Exciton Basis Description of Ultrafast Triplet Separation in Pentacene-(Tetracene)2-Pentacene Intramolecular Singlet Fission Chromophore

Precise understanding of the electronic structures of optically dark triplet–triplet multiexcitons of π-conjugated carbon-based systems requires computations incorporating configuration interaction (CI) with up to quadruple excitations from the single-particle ground state of many-electron Hamiltonians. This continues to be a challenge in the context of intramolecular singlet fission (iSF), where the systems of interest are oligomers of large monomer molecules, and CI matrices have dimensions of several million. We have performed many-body calculations of the complete set of excited states relevant to iSF in Pentacene-(Tetracene)2-Pentacene oligomers, consisting of two terminal pentacene monomers linked by two tetracene monomers. Our computations within the Pariser–Parr–Pople Hamiltonian use an exciton basis that gives physical pictorial descriptions of all of the eigenstates.
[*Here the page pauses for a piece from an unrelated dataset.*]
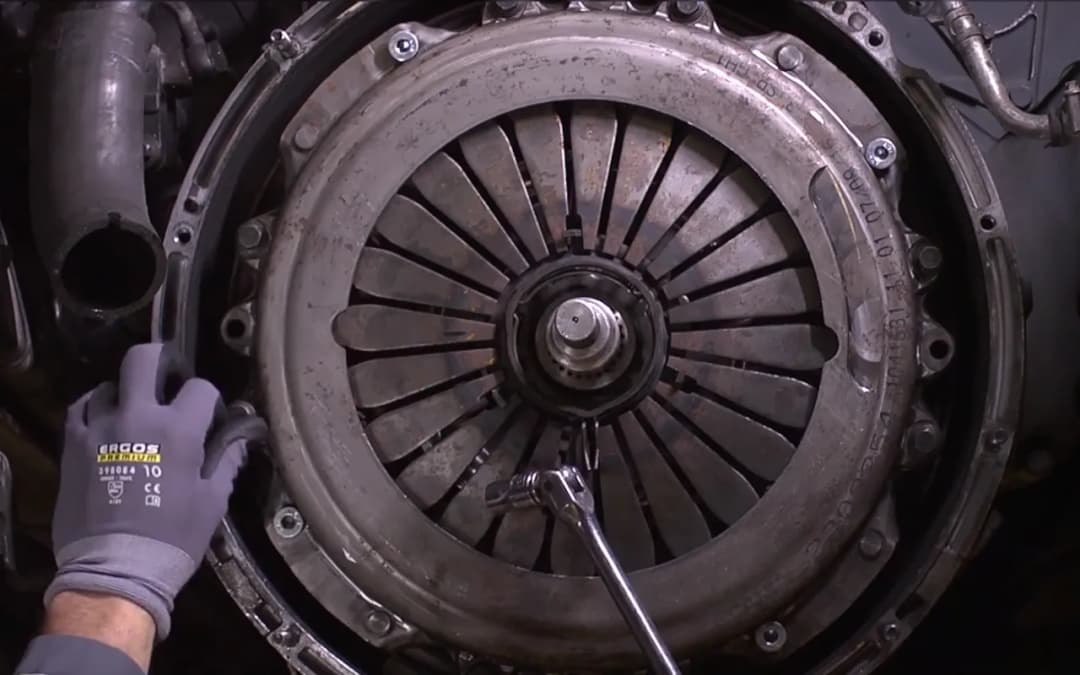 Ile trwa wymiana sprzęgła? Szybka i tania naprawa bez stresu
They are performed over an active space of twenty-eight monomer molecular orbitals and include configuration interaction with all relevant quadruple excitations within the active space, thereby ensuring high accuracy. We discuss the many-electron structures of the lowest optical predominantly intramonomer spin-singlets, intermonomer charge-transfer excitations, and most importantly, the complete set of low-energy covalent triplet–triplet multiexcitons. We can explain the weak binding energy of the pentacene-tetracene triplet–triplet eigenstate that is generated immediately following photoexcitation as opposed to the large binding energy of the triplet–triplet in polypentacene. Our approach allows calculations of excited state absorptions (ESAs) from the optical singlet as well as the triplet–triplet, thereby making comparisons with experimental transient absorption measurements in Pentacene-(Tetracene)2-Pentacene feasible. We explain the increase in lifetime with increasing numbers of tetracene monomers of the transient absorption associated with contiguous pentacene-tetracene triplet–triplet oligomers in this family of oligomers. We are able to give a pictorial description of the triplet separation following generation of the initial triplet–triplet, leading to a state with individual triplets occupying only the two pentacene monomers. We expect many applications of our theoretical approach to triplet separation in the iSF.